Художники не стремятся строить миры, параллельные жизни; скорее они экспериментируют с общей социальной логикой пространства, действующей в повседневном. Если в доинформационном обществе главной техникой производства пространств было абстрагирование, то в наши дни это дифференциация. Пространство не мест, но потоков возникает из системы акцентов и различий, а не тождеств. Пассивное созерцание уступает скользящей вовлеченности в спектакль из отражений и пересечений различных сред. Метрика потоков основана на процедурах разделения и изоляции. Разделение — это выбор внутри пространственно-временной непрерывности (например «жизненного мира», или контекста) такого множества элементов, которое обретет внутреннюю связность в момент своей манифестации; так возникает новая сцена, где представленным будет все ей принадлежащее. Изоляция — это проведение контура пустоты, отрезающего данное множество от его окрестностей. Отсутствие отношений становится формой отношения к остальному миру, возникает возможность нового потока.

То, что нам видится как настоящее, это экран, под его поверхностью пульсируют потоки ритмов: повседневность. Ее ядро под слоями проекций желаний и страхов — это пустота, чистое повторение. Оно разворачивается в циклических и линейных сериях действий, предметов, состояний: в природных данностях и алгоритмах рациональности. На поверхности в интерференции ритмов образуются паттерны практик, связей между частями мира, например, между ритмами труда и досуга и сменой дня и ночи. Потоки производства и потребления, приливы и отливы формообразования захватывают повседневное полностью, размывая оппозицию разумного и иррационального: видеть — значит конструировать. Искусство обращается к тем областям повседневного, где различим пульс пустоты, к незанятым жизнью пространствам, где можно изучать незамеченное и неразличенное системами коммуникаций. Повседневность важна им не столько как арена борьбы медийных фантомов, сколько в качестве набора общих условий взаимодействия. Не транслировать спектакль, а исследовать предпосылки коммуницируемости образов, то есть интерсубъективность, условия возможности понимать намерения другого.

В точках перехода между потоками проявляется качество, унаследованное произведением искусства от архаического феномена священного места. Речь о понятии ауры, состоящей, по известному определению Вальтера Беньямина, в «уникальном ощущении дали, как бы близко ни находился предмет». Важно помнить, что аура — это не сущность, а ситуация; она бывает и у обычных предметов, надо только всматриваться в них «до тех пор, пока сам момент, час наблюдения не станет частью облика вещи». Кажется, вещь обладает собственным вот-бытием, «почти способна поднять глаза»; аура — это момент перед всегда уже пропущенной встречей взглядов. Пропущенная встреча оставляет след в событии мгновенного совпадения единичного и бесконечного, данности и недостижимого. Некоммуницируемая, но доступная явочным порядком аура важна не сама по себе, а как средство для стягивания ассоциативных сетей в мир произведения, для насыщения восприятия смыслами. Когда-то ауру использовали в ритуально-культовых целях; позднее, в Новое время, — в политических, на благо автономии индивида. Сегодня ценность ауры скорее познавательная; это усилитель смысла, средство для повышения осведеомленности о человеческой ситуации в мире.
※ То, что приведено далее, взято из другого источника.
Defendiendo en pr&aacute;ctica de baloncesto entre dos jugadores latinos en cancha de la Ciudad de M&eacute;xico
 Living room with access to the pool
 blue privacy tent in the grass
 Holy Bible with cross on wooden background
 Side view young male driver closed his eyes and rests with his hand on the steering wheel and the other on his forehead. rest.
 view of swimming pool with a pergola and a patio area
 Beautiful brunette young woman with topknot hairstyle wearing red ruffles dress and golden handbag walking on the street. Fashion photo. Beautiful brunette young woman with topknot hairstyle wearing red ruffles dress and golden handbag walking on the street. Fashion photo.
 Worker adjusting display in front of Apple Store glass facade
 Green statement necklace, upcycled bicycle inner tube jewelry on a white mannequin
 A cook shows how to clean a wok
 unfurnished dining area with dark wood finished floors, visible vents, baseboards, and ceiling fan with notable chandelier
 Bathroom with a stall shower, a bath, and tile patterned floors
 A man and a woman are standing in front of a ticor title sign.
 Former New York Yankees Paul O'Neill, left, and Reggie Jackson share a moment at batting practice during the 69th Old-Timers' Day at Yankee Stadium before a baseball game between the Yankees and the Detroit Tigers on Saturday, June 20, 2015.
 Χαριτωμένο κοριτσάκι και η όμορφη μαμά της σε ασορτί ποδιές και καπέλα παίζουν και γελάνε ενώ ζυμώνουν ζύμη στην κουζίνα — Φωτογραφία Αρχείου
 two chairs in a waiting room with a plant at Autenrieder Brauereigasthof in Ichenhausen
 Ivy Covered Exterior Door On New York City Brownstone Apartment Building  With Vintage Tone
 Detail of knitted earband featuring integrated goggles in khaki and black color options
В наши дни законы функционального мышления, по которым был построен прошлый век, стали чем-то вроде фольклора, афоризмов житейской мудрости. Большие нарративы, от имени которых правил функционализм, рассеяны в пространствах общественных отношений микроскопическими осколками. Люди и общества адаптируются к развитию коммуникационных систем; функция все чаще поворачивает, чтобы следовать за формой. Баланс ценнее, чем прогресс, и, значит, сущности — это следствия явлений, а не наоборот.

Любое действие подразумевает множество интерпретаций, как будто оно разворачивается в различных местах одновременно. Характерная для прошлого века раздвоенность исторического сознания не то чтобы исчезла, но распылилась на осцилляции в процессах означивания, в недосказанном. Искусство становится похоже на путешествие в пространстве семиотических потоков, где мнимое и возможное репрезентированы на тех же правах, что и реальное. Действие такого искусства — это новое знание о формах распределения видимости и присутствия в мире.